Cases following Linsk and Blanton have ruled that counsel may not waive the right to trial de novo from an arbitration award (Sanker v. Brown (1985) 167 Cal.App.3d 1144, 1147, 213 Cal.Rptr. 768) or stipulate to an increase in child support (In re Marriage of Helsel (1988) 198 Cal.App.3d 332, 339, 243 Cal.Rptr. 657) without the authorization of the client. The appellate court in Helsel explained its understanding of the significance of Blanton: “Blanton of course makes clear that a lawyer has no apparent authority merely by virtue of his status as a retained attorney to waive the client's constitutional right to a jury trial and agree to submit a case to binding arbitration.” (Id., at p. 338, 243 Cal.Rptr. 657.)

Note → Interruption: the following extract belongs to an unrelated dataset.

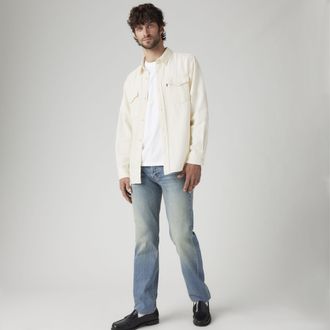 Levi's 501 Original Lightweight Jeans - Mens - 29X32 - Blue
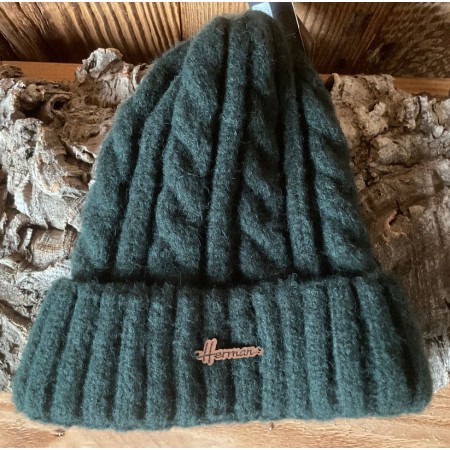 Bonnet vert Herman Edmond 135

In the wake of Linsk and Blanton, and considering the importance of trial by jury in Anglo–American law, this court has no doubt that “[t]he right to trial by jury in a civil case is a substantial one not lightly to be deemed waived.” (Trizec Properties, Inc. v. Superior Court (1991) 229 Cal.App.3d 1616, 1619, 280 Cal.Rptr. 885.) Consequently, we conclude that counsel may not waive this right over the express objection of his or her client. (Linsk v. Linsk, supra, 70 Cal.2d at p. 278, 74 Cal.Rptr. 544, 449 P.2d 760; Knowlton v. Mackenzie, supra, 110 Cal. at p. 188, 42 P. 580.) Because competency proceedings are in the nature of civil proceedings and must be conducted according to civil rules, we also conclude that in such proceedings counsel may not stipulate to waive his or her client's right to jury trial over the express objection of the client.8
The Attorney General argues that, because the right to trial by jury is only a statutory right in competency proceedings, it can be waived by stipulation of counsel over a defendant's express objection. For this assertion, he relies on the recently published case of People v. Harris (1993) 14 Cal.App.4th 984, 992, 18 Cal.Rptr.2d 92, in which the court opined that because the jury trial right in competency proceedings is not constitutional, it may be waived by counsel without the consent of the client. We think his reliance on Harris is not well placed. First of all, Harris is dicta; it was decided after the defendant, who had been found incompetent to stand trial, had been certified as competent, had been given a second competency hearing, and had been returned to the court for further criminal proceedings.9 (Id., at pp. 990, 996, 18 Cal.Rptr.2d 92.) Second, there is no indication in Harris that defendant in fact expressly objected to waiver of jury trial in the original competency proceeding, so that such objection was known to the court and opposing counsel. Also, there is no indication that the Harris court ever examined any civil rules or precedents to help it determine how a substantial, though purely statutory, right should be administered in a proceeding “civil in nature.” In fact, the court cites no direct authority to support its opinion on this issue. Once the court found the right to jury trial was statutory rather than constitutional, it blithely concluded counsel was authorized to waive jury trial without the client's consent, premised on the rule that trial counsel has the power to exercise independent judgment regarding strategic decisions at trial. (Id., at p. 992, 18 Cal.Rptr.2d 92.)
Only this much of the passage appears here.